A Fundamental Misunderstanding: Effort, Willpower, and Traditional Sports Psychology Will Not Work.

Traditionally, sports psychologists respond to such mental blocks by teaching athletes positive self-talk, relaxation strategies, mental rehearsal, how to quiet their mind, and how to let go of mistakes. All of these are good and necessary tools for the swimmer to have, but none of them address the real issue underlying mental blocks and thus, they don’t help resolve them.

It turns out the traditional approaches to these problems have been focused on the symptoms, not the underlying cause. The misunderstanding is the idea that the performance problem is under the conscious control of the athlete. It is not. It stems from the unconscious brain trying to protect the athlete in a way that backfires.

Dr. Grand’s Discovery.

Dr. David Grand, an internationally known expert on performance enhancement, was working with a competitive ice skater with championship potential. She had a mental block regarding the triple loop, which was compulsory in one of her programs. No matter what she tried, she continued “popping” it, landing after only completing two spins.

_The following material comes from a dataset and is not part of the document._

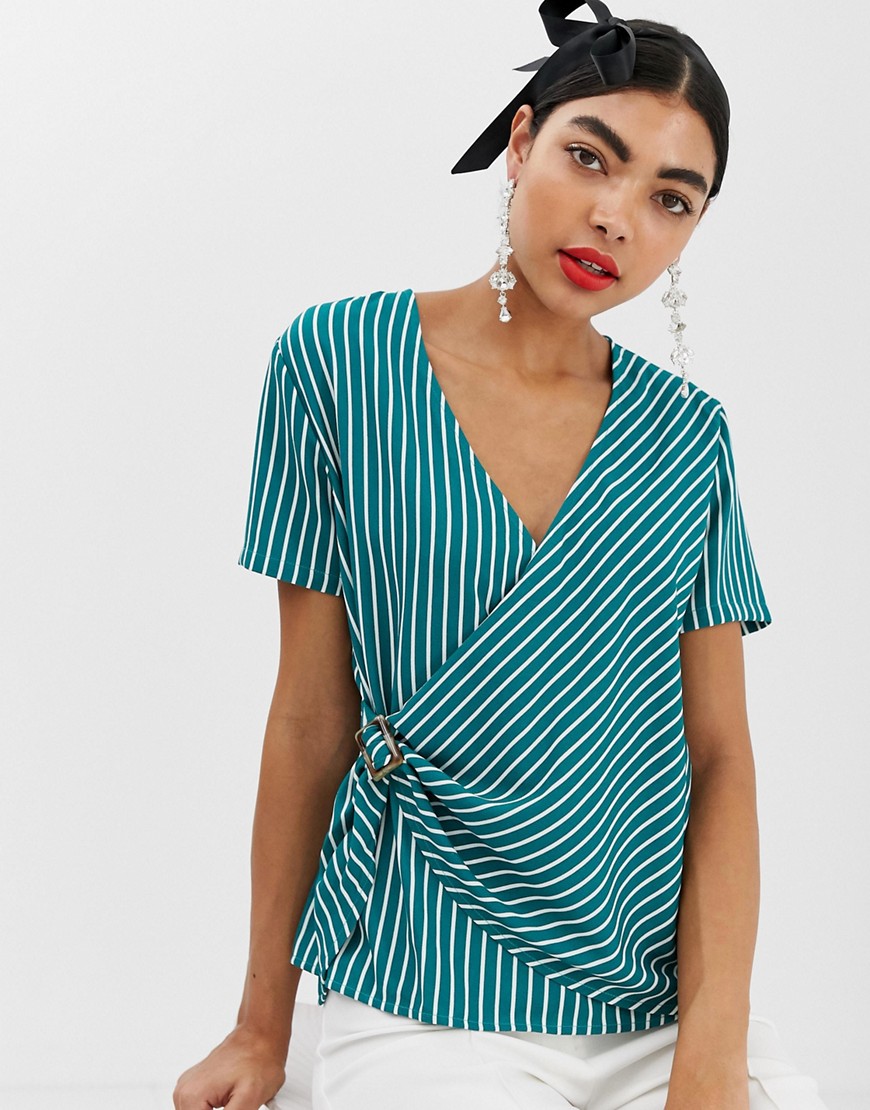 Unique21 striped wrap top with buckle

One day he had her imagine doing a triple loop in slow motion and to freeze the image at the exact moment she felt off balance. Holding that awareness, he had her track his fingers as they moved back and forth in front of her pursuant to his Natural Flow EMDR method of bilateral brain stimulation. As she did, Dr. Grand noticed a reflexive cue when her eyes were focused in a certain spot and had her keep her focus on that spot. As she looked at the spot, she reported experiencing a flood of images and body sensations that seemed to come out of nowhere. She recalled and processed through various stressful and upsetting events in her past. The next day, the skater called him to report she had performed a triple loop with no problem, repeatedly. It was never a problem for her again.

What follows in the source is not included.